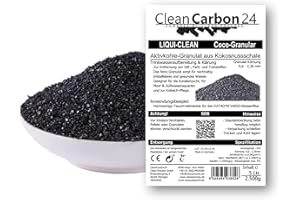 CLEAN CARBON 24 POWERED BY CLEAN PROCESS Granulés de Charbon Actif 0,6 à 2,36 mm, en Coquille de Noix de Coco pour Le Traitement de l'eau 5 litres Liqui-Clean
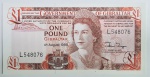 Gibraltar - linda e escassa cédula de one pound ano 1988 no estado FE.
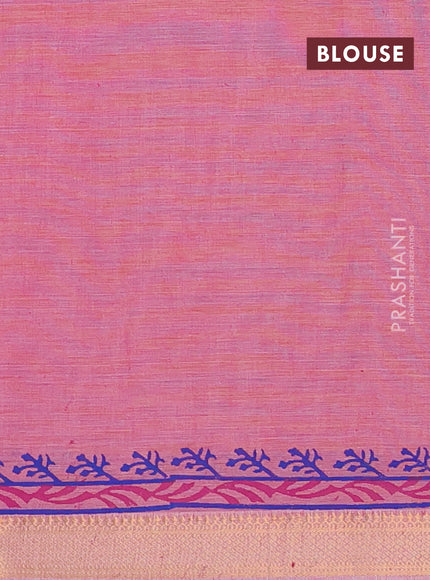 Mangalagiri cotton block printed saree light pink with allover butta prints and mangalgiri border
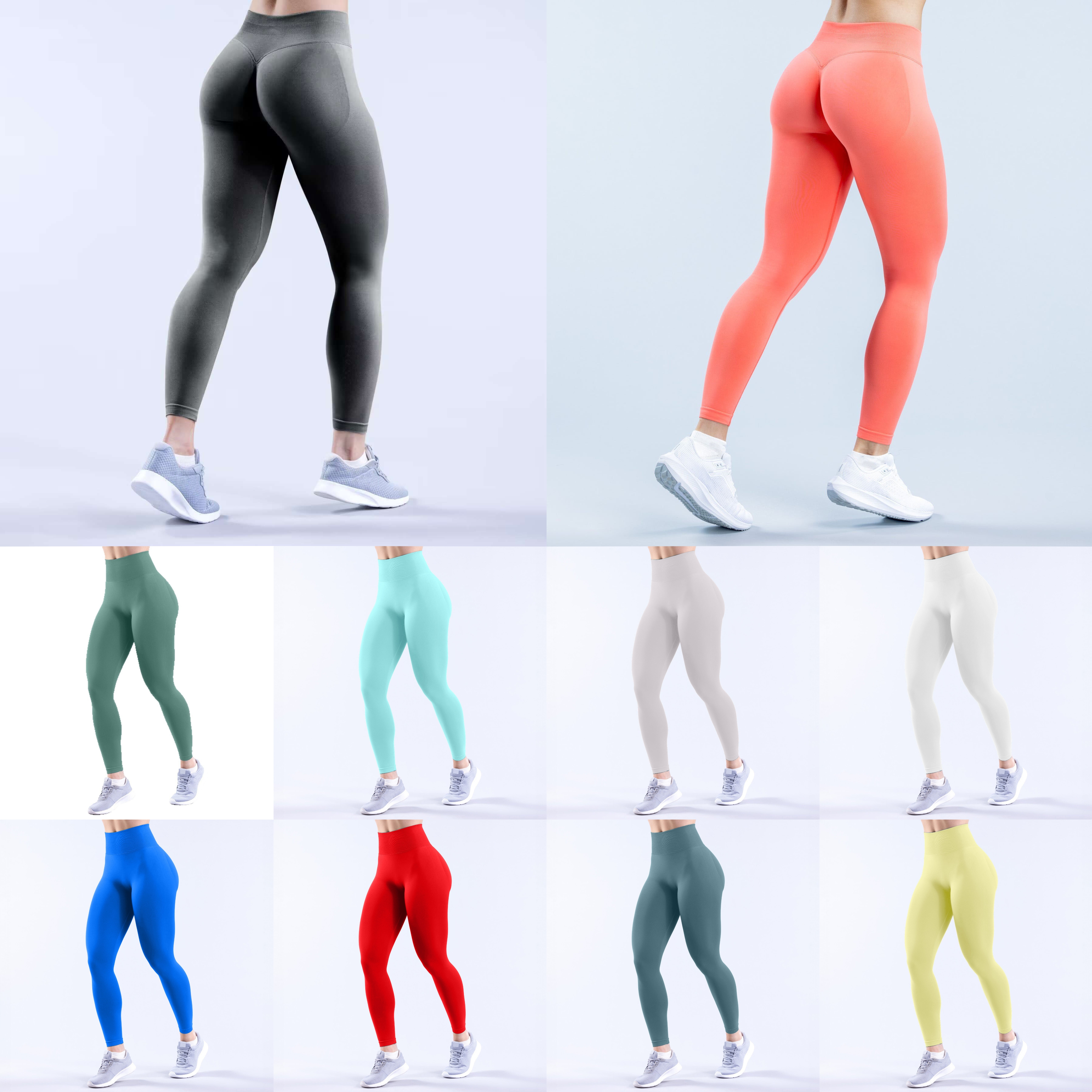 Leggings Women Scrunch Bum Seamless Yoga Pants Seamless Push Up Gym Leggings Booty Workout Pants Low Ribbed Band Running Training Lady leggings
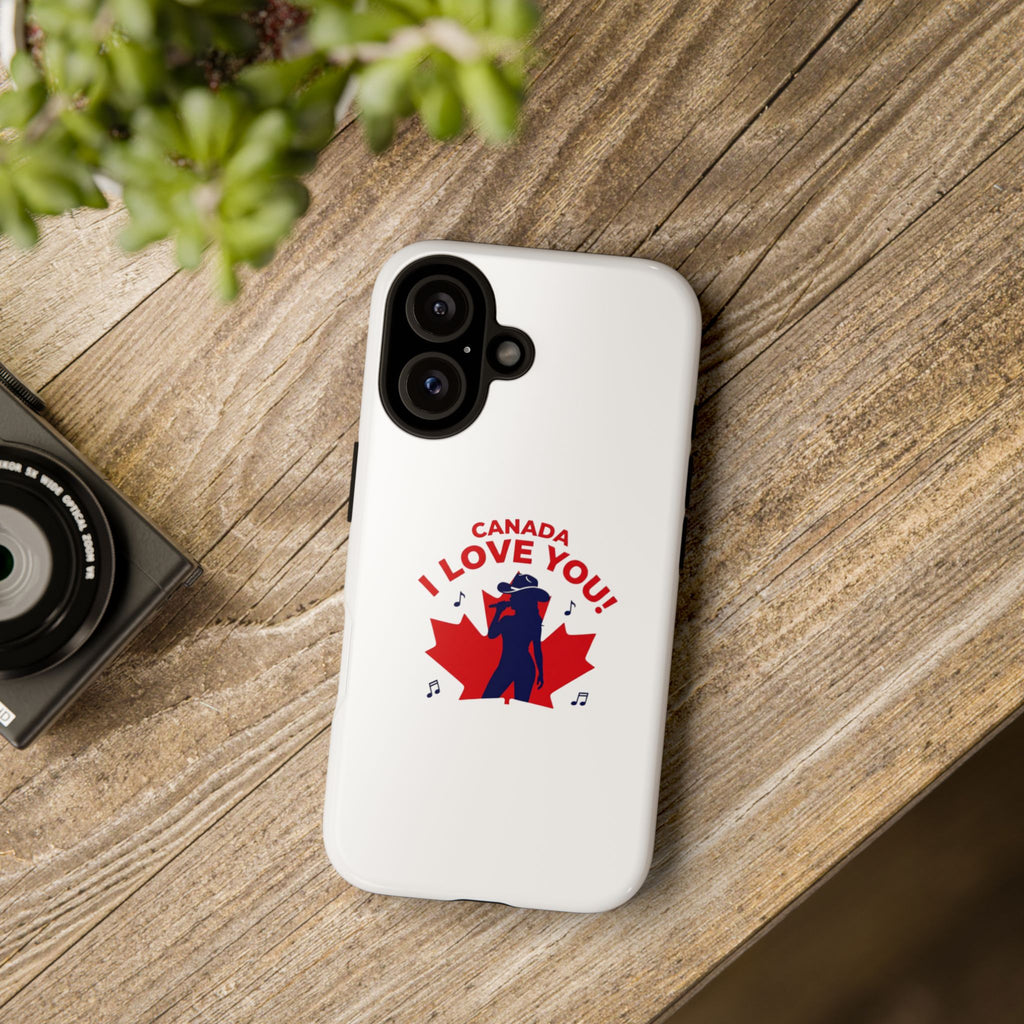Canada I Love You Phone Case — Maple Leaf Singing Moose Patriotic iPhone Cover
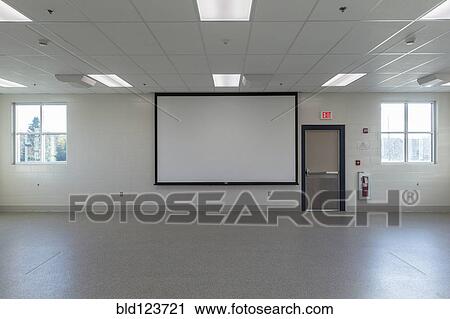 Projector screen in empty animal training room View Large Photo Image Stock Image - Projector screen in empty animal training room. Fotosearch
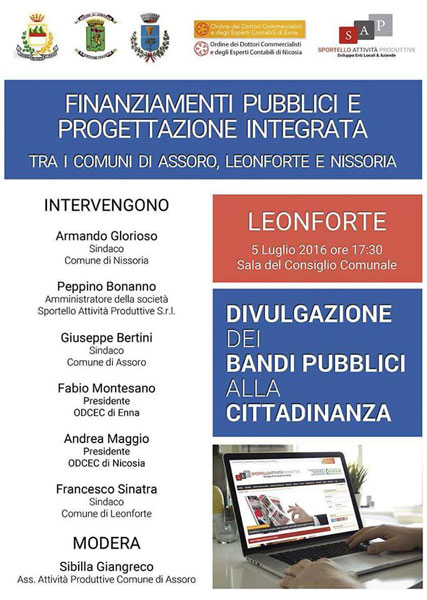 Il 5 luglio incontro pubblico sul tema ‘’Progettazione integrata tra i comuni di Leonforte, Assoro e Nissoria’’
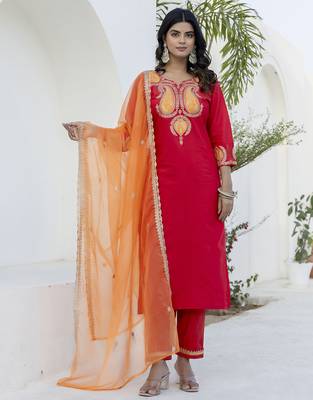 Pink premium designer festive wear readymade suit 2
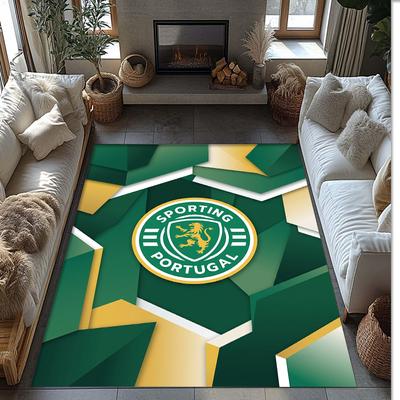 Sporting CP FC Fußballmuster Weicher Teppich Rutschfeste Indoor-Bodenmatte Sport Dekorationsmatte für Schlafzimmer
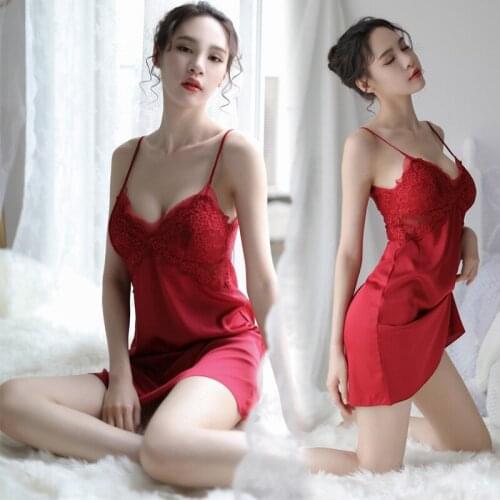 Women Sexy Lingerie Wiht Built in Bra Satin Lace Sling Sleepwear Nightdress Robe Backless Nightwear Black Red Sleeping Dress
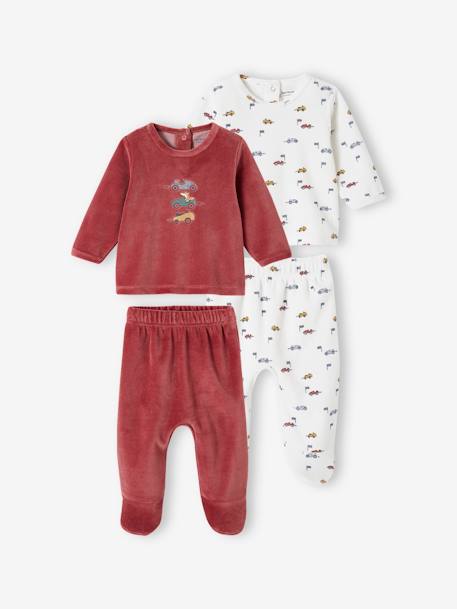 Lot de 2 pyjamas 'bolides' bébé en velours terracotta 1 - vertbaudet enfant 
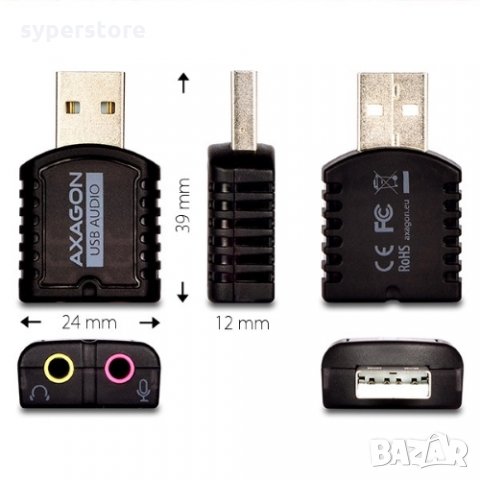 Звукова карта на USB Axagon ADA-10 USB Sound Card External, снимка 2 - Друга електроника - 32515837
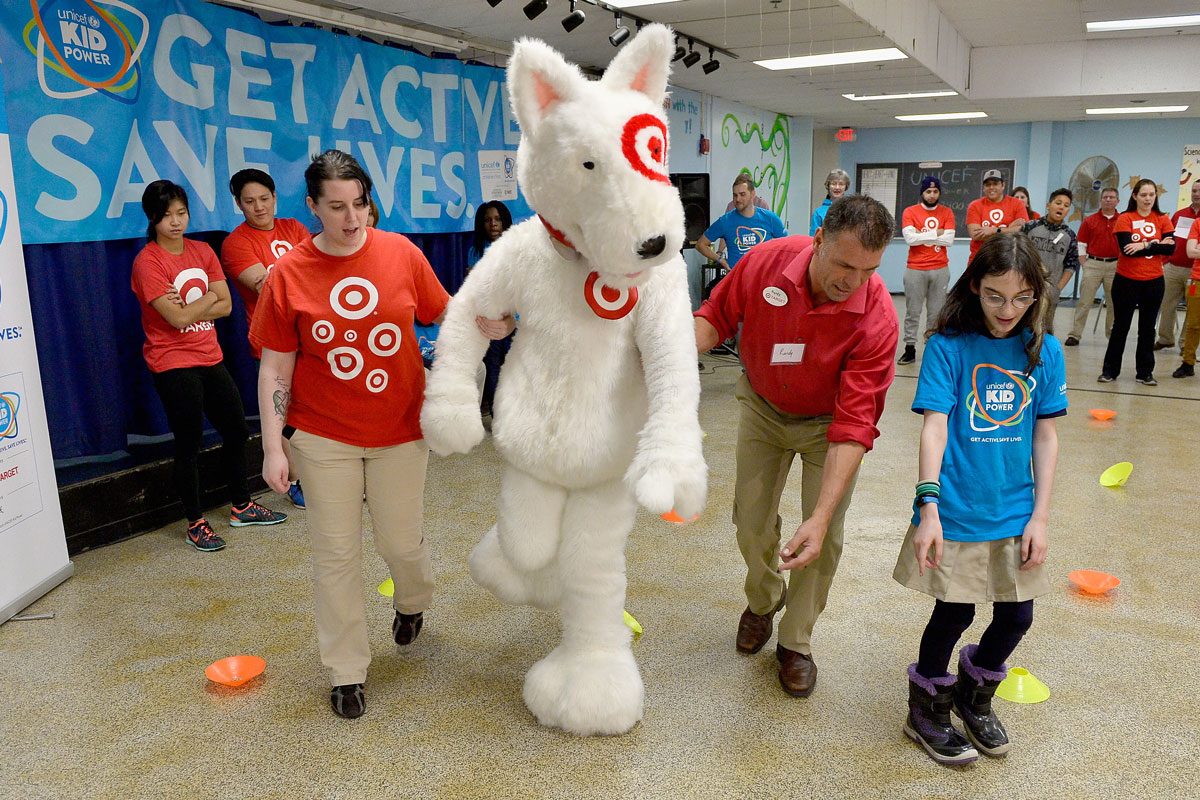 Target mascot, Bullseye and students Celebrate the Impact of Local Kids Getting Active and Saving Lives with UNICEF Kid Power Boston on March 28, 2016 in Boston, Massachusetts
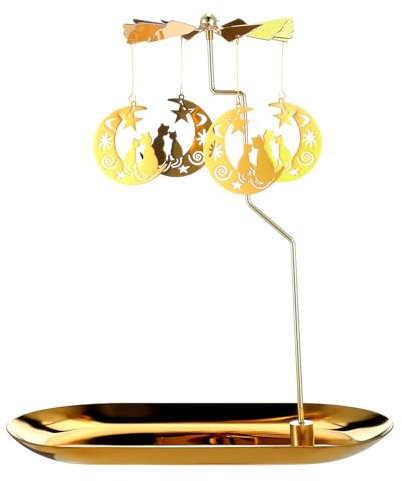 Goldener Rotierender Kerzenhalter, Windlicht Karussell Weihnachtliche, Romantisches Carousel Candle Holder, Rotierender Kerzenhalter Metall, Kerzenkarussell Votiv Advent Deko, für Hochzeit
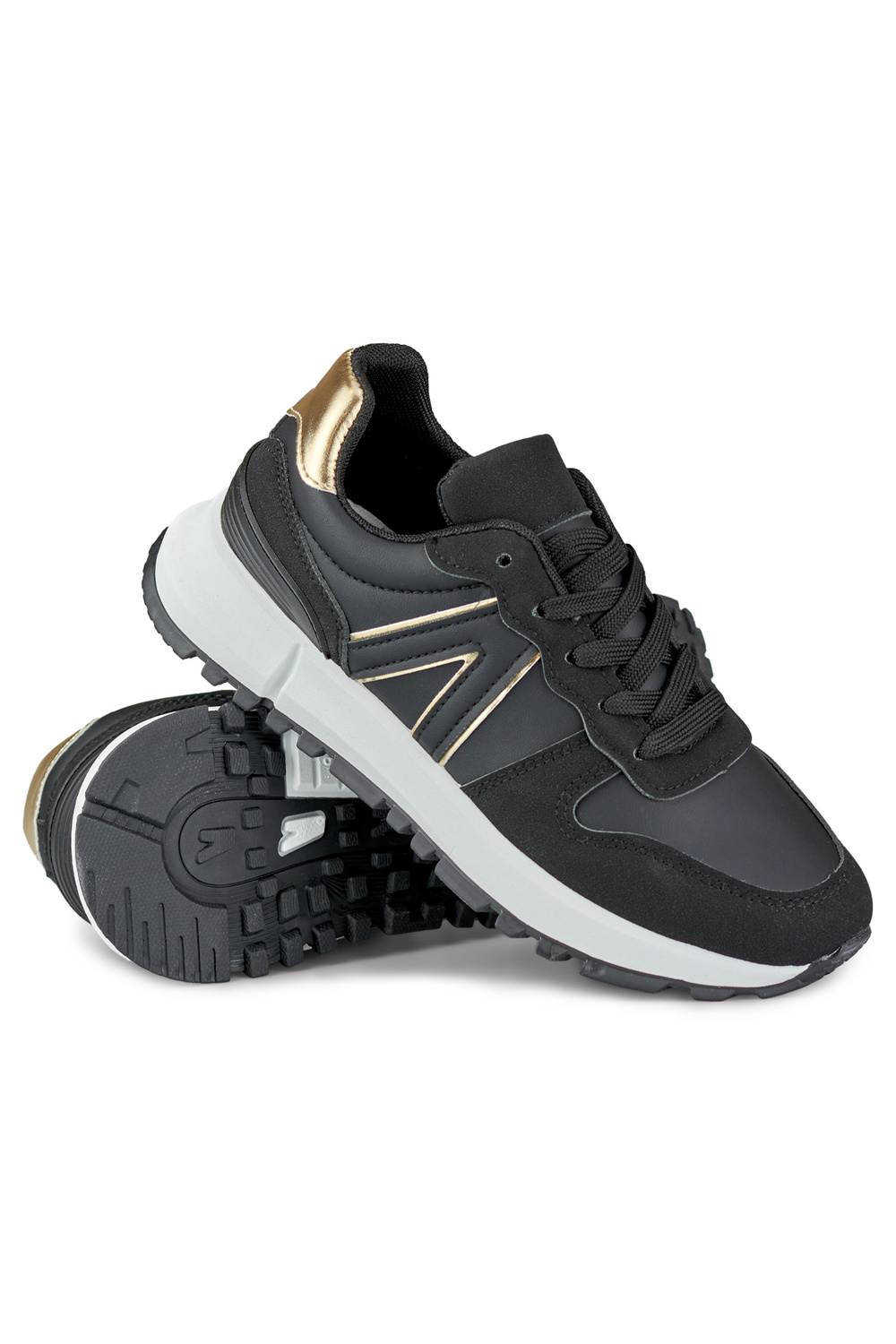 primohurt Czarne sneakersy damskie ze złotym dodatkiem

_Task instructions_. Out of the records above, set down only the lines from the one that contains "Il 5 luglio" through the one that contains "Target mascot, Bullseye", unchanged and without the pictures.

_Exercise solution_.
 Il 5 luglio incontro pubblico sul tema ‘’Progettazione integrata tra i comuni di Leonforte, Assoro e Nissoria’’
 Pink premium designer festive wear readymade suit 2
 Sporting CP FC Fußballmuster Weicher Teppich Rutschfeste Indoor-Bodenmatte Sport Dekorationsmatte für Schlafzimmer
 Women Sexy Lingerie Wiht Built in Bra Satin Lace Sling Sleepwear Nightdress Robe Backless Nightwear Black Red Sleeping Dress
 Lot de 2 pyjamas 'bolides' bébé en velours terracotta 1 - vertbaudet enfant 
 Звукова карта на USB Axagon ADA-10 USB Sound Card External, снимка 2 - Друга електроника - 32515837
 Target mascot, Bullseye and students Celebrate the Impact of Local Kids Getting Active and Saving Lives with UNICEF Kid Power Boston on March 28, 2016 in Boston, Massachusetts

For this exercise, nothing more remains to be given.